*** SUPPLIED INFORMATION Section Begins ***

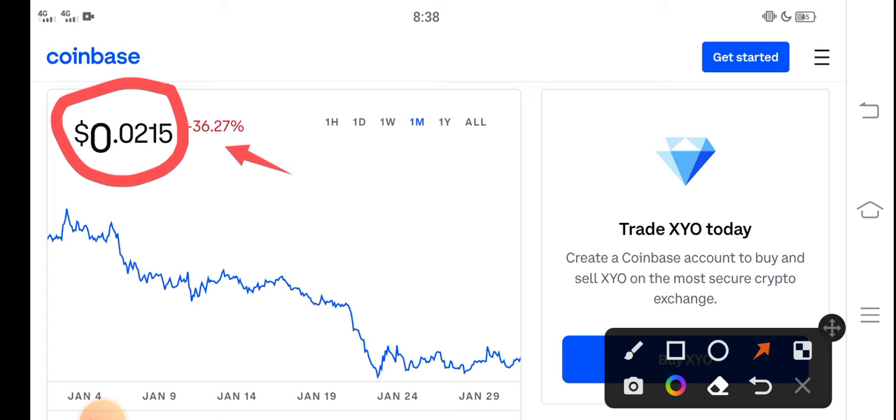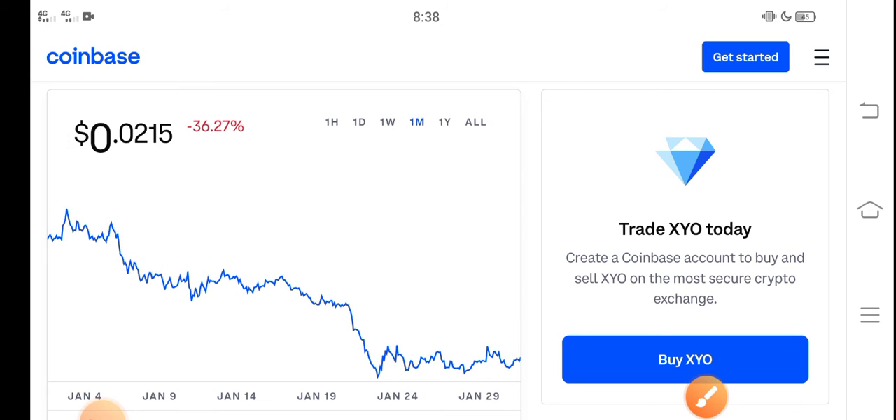This is very bad news because the price has dumped down badly. The price has been continuously dropping over the last 30 days. A lot of holders are really worried about what they should do right now — whether it's a good time for buying, selling, or holding.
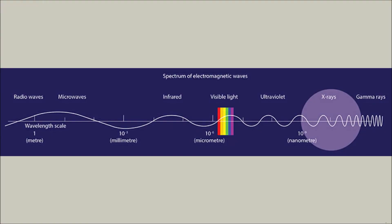Astronomers have detected X-rays from Uranus for the first time using NASA's Chandra X-ray Observatory. I'm going to show you the very first X-ray picture from NASA in 2021.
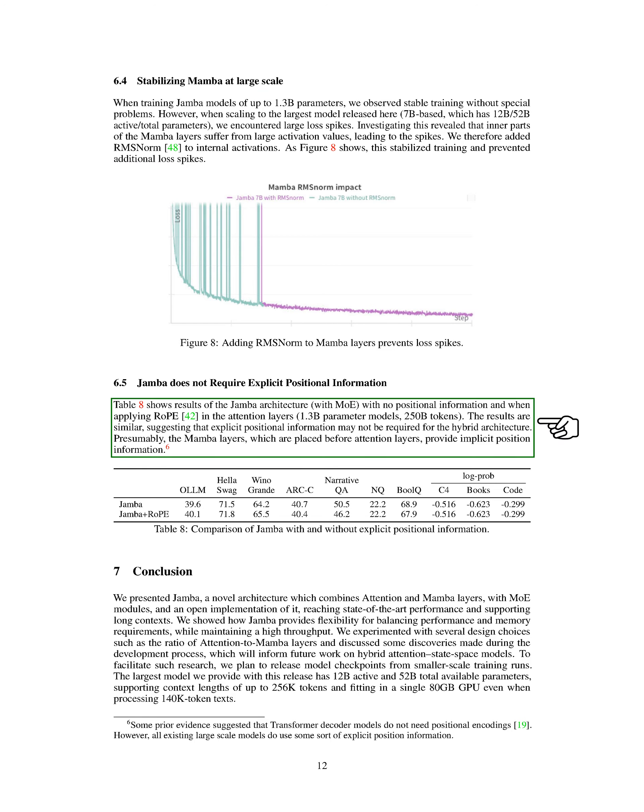Additionally, we examined the Jamba architecture's performance with and without explicit positional information, using RoPE in the attention layers. The results from our experiments with 1.3B parameter models and 250B tokens suggest that explicit positional information may not be necessary for the hybrid architecture. It is possible that the Mamba layers, positioned before the attention layers, inherently provide implicit positional information.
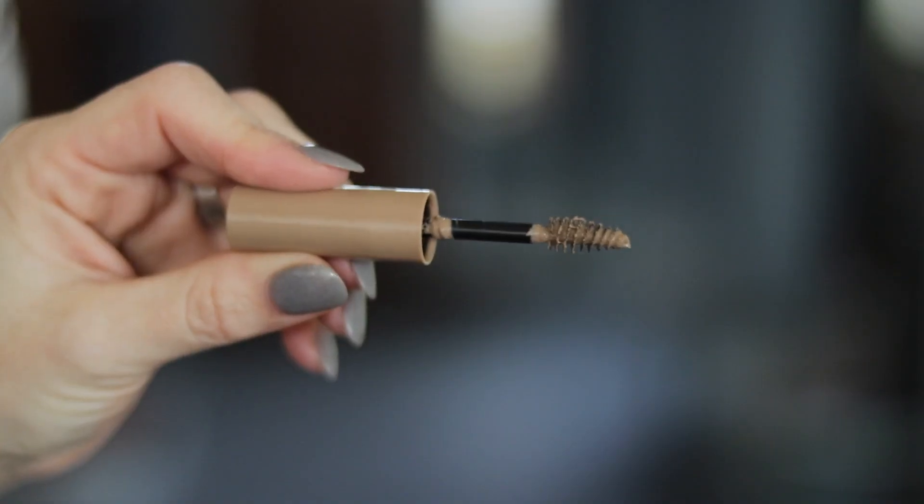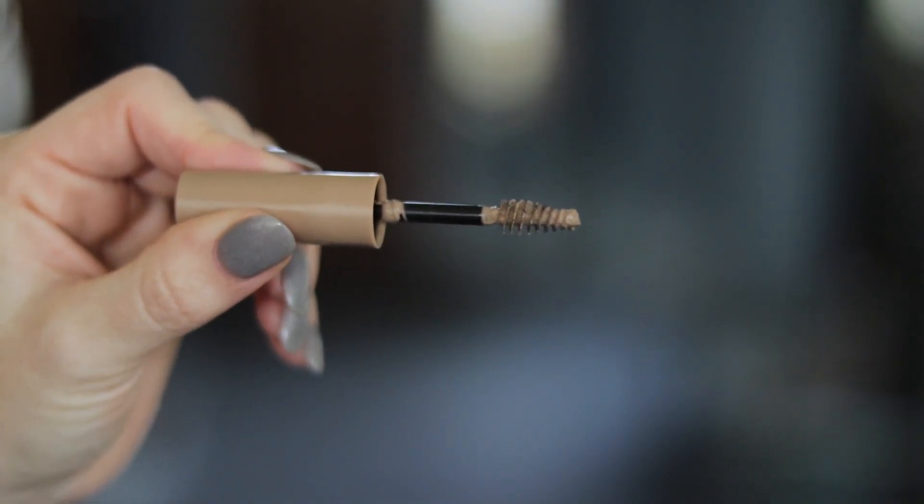A new brow mascara to tell you about — it's new from Rimmel, their Brow This Way brow mascara. What's new is the shade: 001 Blonde. It's a nice budget alternative — I think it's even less expensive than the NYX brow mascara, and I feel like there's no discernible difference. I wish the applicator were a little bit tinier; I do prefer the NYX applicator. But it's a really nice little product, and if you're looking for a budget-friendly blonde brow mascara, I highly recommend it.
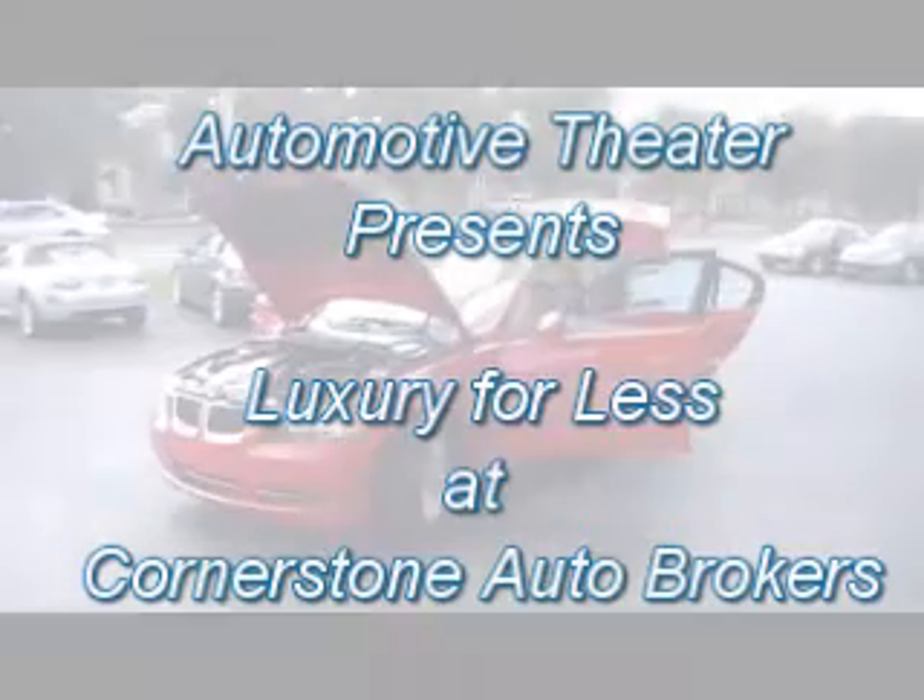Hey folks, here we are at Cornerstone Auto Brokers in Chattanooga, Tennessee with another episode of Luxury for Less.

*** SUPPLIED INFORMATION Section Ends ***

TASK INSTRUCTIONS: Working down from the line with "Additionally, we examined", copy each line exactly until the last line of the entries, which is also included. Omit the pictures.

EXERCISE OUTPUT:
Additionally, we examined the Jamba architecture's performance with and without explicit positional information, using RoPE in the attention layers. The results from our experiments with 1.3B parameter models and 250B tokens suggest that explicit positional information may not be necessary for the hybrid architecture. It is possible that the Mamba layers, positioned before the attention layers, inherently provide implicit positional information.
A new brow mascara to tell you about — it's new from Rimmel, their Brow This Way brow mascara. What's new is the shade: 001 Blonde. It's a nice budget alternative — I think it's even less expensive than the NYX brow mascara, and I feel like there's no discernible difference. I wish the applicator were a little bit tinier; I do prefer the NYX applicator. But it's a really nice little product, and if you're looking for a budget-friendly blonde brow mascara, I highly recommend it.
Hey folks, here we are at Cornerstone Auto Brokers in Chattanooga, Tennessee with another episode of Luxury for Less.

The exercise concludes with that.